Festival teaches children about music comunication (video)
Did you know?
The drum circle is the oldest form of community building known to the world. More than 6,000 years ago, it is how Neolithic Age tribes communicated to each other.
The echoing sound of drums rumbled through Victoria Public Library on Saturday as part of the Victoria Bach Festival's closing events.
The culprit: about 20 pairs of little hands banging away on the drums, congas and other percussion instruments.
Inside the Bronte Room of the library, children of all ages - and a few adults - participated in Bach Festival's 2013 Big Bang drum circle.
The session was led by Ross Weckesser, director of percussion at West High School.
Weckesser said the drum circle is one of the oldest forms of communication.
"Drum circles are a very organic experience," he said. "It's very easy to connect with the music. Anybody can just follow along."
Grace Harrison was a natural. The 6-year-old took her turn playing several instruments, but her favorite was the snare drum.
When asked why she liked it, she said, "Boom. Boom.
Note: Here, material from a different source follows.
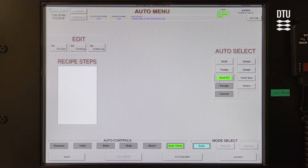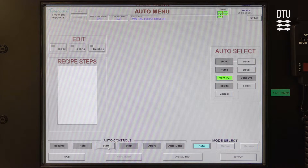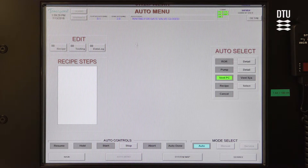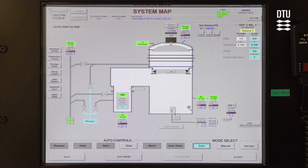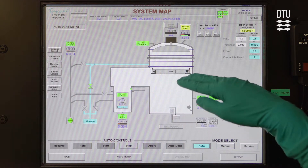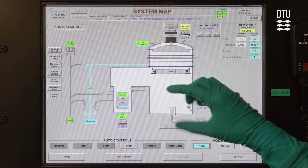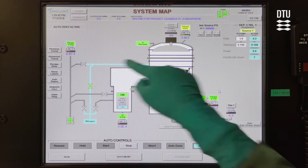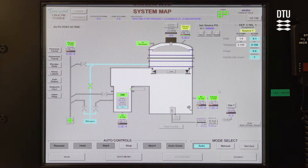We're going to vent PC and press Start. We can see in the auto status what's going on, and on the system map we can see that the gate valve is closing between the main chamber and the load lock area, and nitrogen is flowing in the top part of the chamber.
Boom."
The children participated in several lessons during the drum circle that taught them about patterns, counting and music.
Emily Harrison, Grace's mother, said the drum circle was a good developmental activity for children.
"Having them just feel and hear the instruments is educational," she said.
Weckesser said he wants the children to take away the lesson that even if you're not a musician, you can still appreciate music.
"If they walk away having enjoyed it," he said, "that's what it's all about.
"As long as they have fun and make music."